The promotion of the Russian language in Mongolia will get an additional boost due to a new project of the Sverdlovsk Regional Fund for the Support of Youth Initiatives. Mongolian teachers of Russian as a foreign language will be able to improve their competence through new creative laboratories. The idea of creating such laboratories was supported by the Presidential Grants Fund, allocating a special grant for this purpose.

Since 2018, the Sverdlovsk Regional Fund for the Support of Youth Initiatives, with the assistance of the Presidential Grants Fund, has been implementing projects aimed at promoting the Russian language in Mongolia.

“In the project, together with our colleagues from Mongolia, we made fundamental accents on popularization of the Russian language, namely on development of an adapted communicative method based on the action-oriented approach, mastering of this method by Russian language teachers in Mongolia and implementation of this method by teachers in teaching Russian to Mongolian youth. The implementation of all stages of the project will take place online as part of creative laboratories on the platform of the project. The final event of the grant will be the youth “Russian Language Forum”,” says Nikita Kutyavin, Director of Sverdlovsk Regional Foundation for Youth Initiatives Support.

Nikita Kutyavin notes that the Russian language is in great demand in Mongolia today, and young people are interested in learning it.
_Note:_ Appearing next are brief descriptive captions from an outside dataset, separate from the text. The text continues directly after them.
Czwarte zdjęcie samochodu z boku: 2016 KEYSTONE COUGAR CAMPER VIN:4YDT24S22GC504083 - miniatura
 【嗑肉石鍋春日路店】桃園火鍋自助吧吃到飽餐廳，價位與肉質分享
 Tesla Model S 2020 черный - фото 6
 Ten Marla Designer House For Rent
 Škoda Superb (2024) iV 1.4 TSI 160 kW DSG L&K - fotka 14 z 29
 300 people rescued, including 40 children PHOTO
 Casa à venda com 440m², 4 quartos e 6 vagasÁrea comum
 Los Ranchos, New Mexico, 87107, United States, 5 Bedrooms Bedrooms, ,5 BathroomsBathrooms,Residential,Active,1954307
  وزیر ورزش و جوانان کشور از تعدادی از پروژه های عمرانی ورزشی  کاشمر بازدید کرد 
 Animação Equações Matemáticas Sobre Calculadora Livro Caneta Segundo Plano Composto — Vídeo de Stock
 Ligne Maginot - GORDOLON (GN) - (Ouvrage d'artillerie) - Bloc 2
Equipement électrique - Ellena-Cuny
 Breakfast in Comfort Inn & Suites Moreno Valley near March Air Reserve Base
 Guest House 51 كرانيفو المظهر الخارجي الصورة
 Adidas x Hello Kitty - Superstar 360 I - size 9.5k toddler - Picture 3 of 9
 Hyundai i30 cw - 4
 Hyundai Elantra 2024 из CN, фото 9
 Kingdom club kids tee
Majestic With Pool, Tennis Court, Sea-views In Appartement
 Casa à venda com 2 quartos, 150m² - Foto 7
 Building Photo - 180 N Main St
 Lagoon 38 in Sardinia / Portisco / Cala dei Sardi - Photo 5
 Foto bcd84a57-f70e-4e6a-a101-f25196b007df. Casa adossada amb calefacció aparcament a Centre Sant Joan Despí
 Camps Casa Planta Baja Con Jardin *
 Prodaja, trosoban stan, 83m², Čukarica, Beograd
However, the existing method of teaching Russian in Mongolia is based on the grammar-translation method of language acquisition, which does not meet modern trends in foreign language learning. According to the CEFR (Common European Framework of Reference for Languages), an internationally recognized standard of language proficiency levels, the center of the modern language teaching should be the personality of the learner, while the linguistic and cognitive method of forming a multimodal thinking of a young person should be at the head of teaching Russian as a foreign language. To overcome this contradiction, this project is supposed to implement several stages.

“The grant will use an adapted methodology based on an action-oriented approach. Then this methodology is transferred to Mongolian teachers of the Russian language within the framework of online creative laboratories, which allows us to cover the whole territory of Mongolia. In the next stage, the teachers of Russian who have been trained in the creative laboratories will design their Russian lessons based on the methodology for the specific language proficiency level of the Mongolian youth, and the students will effectively learn Russian according to the methodology. At the end, we will hold a final forum to promote the Russian language in Mongolia to young people learning Russian as a foreign language,” emphasizes Tatiana Rasskazova, head of the Department of Foreign Languages and Educational Technologies at UrFU and a member of the project team.

The main partners of the “Creative Laboratories in Russian Language” project were the Mongolian Association of Teachers of Russian Language and Literature, Rossotrudnichestvo representative office in Mongolia, the Ural Federal University, the Mongolian office of the Alumni Association of UPI, Ural State University and UrFU, as well as the Honorary Consul of Mongolia in Ekaterinburg.

The implementation of the project began on February 15.